I had no idea what to expect, really, but nothing could have prepared me for the breathtaking views from the plane as we descended. Frozen tundra as far as the eye can see, snowmobiles, tiny, whizzing across frozen Frobisher Bay. If I had seen a polar bear, I would not have been surprised. The picture above was taken just from the edge of town. Amazing.
Although I only had a short couple of days, I managed to visit the local library. With all my (admitted) prejudices of what life there would be like, I was pleasantly surprised at how well stocked and modern the library was, with computer stations and lovely, brightly-lit children’s section:
I spent as much time as I could trying to learn about the culture and way of life, although this was not easy. The Inuits have been exposed to so many outside influences, and although it is obvious they are trying hard to preserve their values and culture, Iqaluit is a ‘capital city’, with most of the modern conveniences you would find anywhere.
I picked up a couple of picture books to share with my kids, and have spent the last few evenings learning a bit about the Inuk way of life. It has brought back wonderful memories of one of my all time favorite books as a child: Julie of the Wolves.
This beautifully illustrated book tells the tale of an old Inuit woman who adopts an orphan polar bear cub.
As the polar bear grows, he begins to hunt and bring food home, and his adoptive mother immediately shares her bounty with the villagers in typical Inuit fashion.
When the villagers grow jealous of his hunting prowess, they threaten to kill the bear and the woman is forced to send him away. Full of simple but beautiful illustrations, my daughter immediately requested a re-read, in spite some fairly strong emotions. Don’t worry, the story ends well, and it is one I highly recommend. Snuggle up under a warm blanket with your loved ones, imagine life in the frozen Arctic, and revel in the warmth of love between woman and cub.

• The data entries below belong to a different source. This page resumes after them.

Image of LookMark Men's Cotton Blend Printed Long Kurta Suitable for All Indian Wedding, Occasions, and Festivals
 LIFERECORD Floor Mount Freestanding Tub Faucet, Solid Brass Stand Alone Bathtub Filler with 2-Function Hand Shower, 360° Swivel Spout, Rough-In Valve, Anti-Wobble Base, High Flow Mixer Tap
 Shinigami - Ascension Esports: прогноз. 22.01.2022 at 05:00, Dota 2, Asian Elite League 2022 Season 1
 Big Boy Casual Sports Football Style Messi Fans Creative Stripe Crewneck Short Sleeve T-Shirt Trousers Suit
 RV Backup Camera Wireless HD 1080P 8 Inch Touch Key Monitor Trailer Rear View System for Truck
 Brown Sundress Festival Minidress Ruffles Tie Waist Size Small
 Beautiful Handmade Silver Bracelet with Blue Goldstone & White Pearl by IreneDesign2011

Two friends, Moshi and Jessica, get caught in a whiteout in Iqaluit. Moshi remembers survival lessons taught by her father, and the girls manage to stay safe until they are found by Nuna, one her father’s sled dogs, who brings them to a shelter where they await rescue. The experience leaves Moshi, who had been jealous of Jessica’s pet puppy that performed tricks, with a deeper appreciation of the lessons of her parents, as well as the smart sled dogs that are such an important part of her culture. She no longer wishes for a ‘pet’ dog, but wants to raise a sled dog of her own.
My daughter was impressed by Moshi, how she seemed to know just what to do to survive and stay warm. Of course we loved the smart and gentle Nuna. My daughter already put this on our pile to re-read tomorrow evening.
It’s been so lovely reading these stories, learning a bit about this fascinating way of life, about our neighbors to the North. Fellow Canadians, yet with a way of life still so different from our own.